Wednesday, December 17, 2014

Crime, Color and Capitalism

From 1920 to around 1980, the American prison population held steady, even as our population grew rapidly. One could easily argue that racism was much more virulent during this period, especially in the Jim Crow South, from the hundreds of lynchings in the 1920s to violent repression of civil rights activists in the 1950s and '60s. So unless you believe that racism changed for the worse since 1980, then it alone can not possibly account for the explosive rise of the prison population. Even during the turbulent 1960s with its many demonstrations, and violent inner-city upheavals, the prison population hardly budged. Similarly, Nixon's infamous war on drugs, launched in June 1971, also did not boost the prison population during the 1970s. Then something major changed to send the prison population soaring. What happened?

Judges were compelled by harsh new sentencing laws to jail even those convicted of minor crimes, and to hand out sentences much longer than appropriate to the infraction. Because of urban housing segregation by race and income, lower income neighborhoods experienced higher crime rates, made even higher by the futile enforcement of drug prohibition. As the police enforcement increased, a disproportionate number of people of color were sent to prison. Although non-Hispanic blacks form only 13.6 of the U.S. population, they are 39.4 percent of the prison population. In 2011, for the first time Wisconsin spent more on its prisons than on its fabled university system.

In the late 1970s with the advent of the Better Business Climate model which was to cut taxes on the rich and deregulate business, especially Wall Street. That combination was supposed to put money in the hands of the few, who would then heavily invest it in our economy, thereby creating an enormous economic boom. Good jobs and rising incomes for all those willing to work would soon follow. It didn't happen. Instead these Better Business Climate policies led to runaway inequality, the destruction of middle-income jobs, and wage-stagnation for the vast majority of working people. The goal of nearly every company soon became the extraction of as much wealth as possible in behalf of investors, banks and CEOs. The workforce was downsized, plants shipped overseas, full-time workers replaced with temps, and unions busted.

Americans of color who had only recently found their way into the better paying industrial jobs in the 1950s and 1960s, suffered enormous job losses and were forced to find work in the low paying jobs, often in the service sector. Urban decay accelerated as inner city incomes declined and industrial tax revenues plummeted. To make ends meet a new generation of workers found work in the underground economy —some of it legal, some not. Drug dealing, like rum running in the 1920s, became an alternative path toward the American Dream.

Urban areas became a microcosm for the interplay between runaway inequality and runaway incarceration. As lower-income areas deteriorated, cities like New York, Chicago, San Francisco and Los Angeles also became magnets for the wealthy. Marginal neighborhoods were transformed by developers who bought and fixed up apartment buildings with an eye to squeezing out low-income tenants. Often, the first new wave of occupiers were young professionals, the children of the well-to-do. The "broken windows" theory of police enforcement took hold. It argued that by cracking down on minor offenses, like graffiti drawing and drinking booze on the street, a sense of law and order would develop in the neighborhood, which in turn would reduce the occurrence of more serious crimes. It was a short jump from efforts to stop quality of life crimes, to "stop and frisk."

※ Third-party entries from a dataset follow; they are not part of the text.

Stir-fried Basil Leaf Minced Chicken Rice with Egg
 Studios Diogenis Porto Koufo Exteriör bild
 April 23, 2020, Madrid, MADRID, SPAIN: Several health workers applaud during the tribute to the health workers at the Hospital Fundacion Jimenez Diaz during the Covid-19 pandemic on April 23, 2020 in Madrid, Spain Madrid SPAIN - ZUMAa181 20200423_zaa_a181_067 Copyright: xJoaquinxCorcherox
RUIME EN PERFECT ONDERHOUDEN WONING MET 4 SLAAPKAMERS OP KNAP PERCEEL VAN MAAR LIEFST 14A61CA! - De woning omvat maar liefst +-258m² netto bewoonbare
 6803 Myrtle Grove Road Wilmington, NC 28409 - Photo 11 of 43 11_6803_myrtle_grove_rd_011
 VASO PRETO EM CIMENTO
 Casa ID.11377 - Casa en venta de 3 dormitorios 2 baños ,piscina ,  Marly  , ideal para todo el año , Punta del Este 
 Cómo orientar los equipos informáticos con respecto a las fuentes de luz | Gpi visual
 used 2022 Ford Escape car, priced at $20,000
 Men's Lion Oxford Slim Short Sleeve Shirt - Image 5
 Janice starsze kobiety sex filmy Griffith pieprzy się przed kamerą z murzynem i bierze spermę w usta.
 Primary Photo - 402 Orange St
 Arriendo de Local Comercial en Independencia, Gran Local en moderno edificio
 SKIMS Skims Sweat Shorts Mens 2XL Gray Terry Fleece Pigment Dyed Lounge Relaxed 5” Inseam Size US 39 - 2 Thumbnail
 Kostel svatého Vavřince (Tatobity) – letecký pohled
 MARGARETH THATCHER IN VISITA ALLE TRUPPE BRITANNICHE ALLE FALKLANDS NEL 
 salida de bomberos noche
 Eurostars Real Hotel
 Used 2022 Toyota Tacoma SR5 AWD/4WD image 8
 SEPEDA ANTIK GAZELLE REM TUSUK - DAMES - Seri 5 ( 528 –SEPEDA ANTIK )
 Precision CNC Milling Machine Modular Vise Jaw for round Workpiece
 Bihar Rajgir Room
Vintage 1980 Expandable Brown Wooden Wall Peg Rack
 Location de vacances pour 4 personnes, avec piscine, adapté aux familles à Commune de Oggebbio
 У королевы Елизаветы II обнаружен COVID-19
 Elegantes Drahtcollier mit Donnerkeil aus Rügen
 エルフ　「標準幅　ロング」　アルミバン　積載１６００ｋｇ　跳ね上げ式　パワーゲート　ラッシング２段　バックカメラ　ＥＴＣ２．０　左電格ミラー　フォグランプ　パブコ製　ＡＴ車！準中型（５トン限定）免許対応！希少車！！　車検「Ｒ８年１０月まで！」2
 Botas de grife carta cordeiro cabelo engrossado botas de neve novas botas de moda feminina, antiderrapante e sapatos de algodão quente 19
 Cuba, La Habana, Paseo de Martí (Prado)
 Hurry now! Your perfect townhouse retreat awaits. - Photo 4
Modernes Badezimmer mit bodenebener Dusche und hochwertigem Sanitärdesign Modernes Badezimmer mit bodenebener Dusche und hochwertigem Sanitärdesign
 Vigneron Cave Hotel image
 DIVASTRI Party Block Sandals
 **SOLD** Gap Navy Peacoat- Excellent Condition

Take the case of Eric Garner killed by police because was selling single cigarettes (tobacco, not joints. Garner's only crime was trying to scratch out a living in the underground economy. Eric Garner is just one of the 22.2 million surplus workers who now struggle to make ends meet.But to the police, he was committing a crime (not paying tobacco tax) that according to the theory should be addressed to prevent more serious crimes.

The growing prison population also creates growing business opportunities in the privatized prison-industrial complex. With Wall Street money, the larger prison firms lobby hard for the government to fund new prisons, create more prisoners, and employ more prison guards.

At the core of all our problems lies economic inequity and disproportionate power of corporations and financial institutions. Capitalism is the problem, and it continues to concentrate wealth in the hands of those that are wealthy. The very few poor who do become wealthy, those who rise up from the dregs of society are held as models but the odds are not in our favor. t would be very nice to see the monetary system abolished. Completely. For money to become useless as containers of value. Preferably value should be beneficial for all, rather than measured by the quantity of money, those illusory abstractions, units of so-called value, known as dollars, pounds, euros, yen, etc.
The police are there to protect the wealthy. To protect the property of the wealthy and to punish any who are audacious enough to challenge the status quo. The new prisons are being built to house Blacks, Latinos, Native Americans, Asians, poor whites, and poor people in general. This is a class war, first and foremost, of the wealthy against everyone else.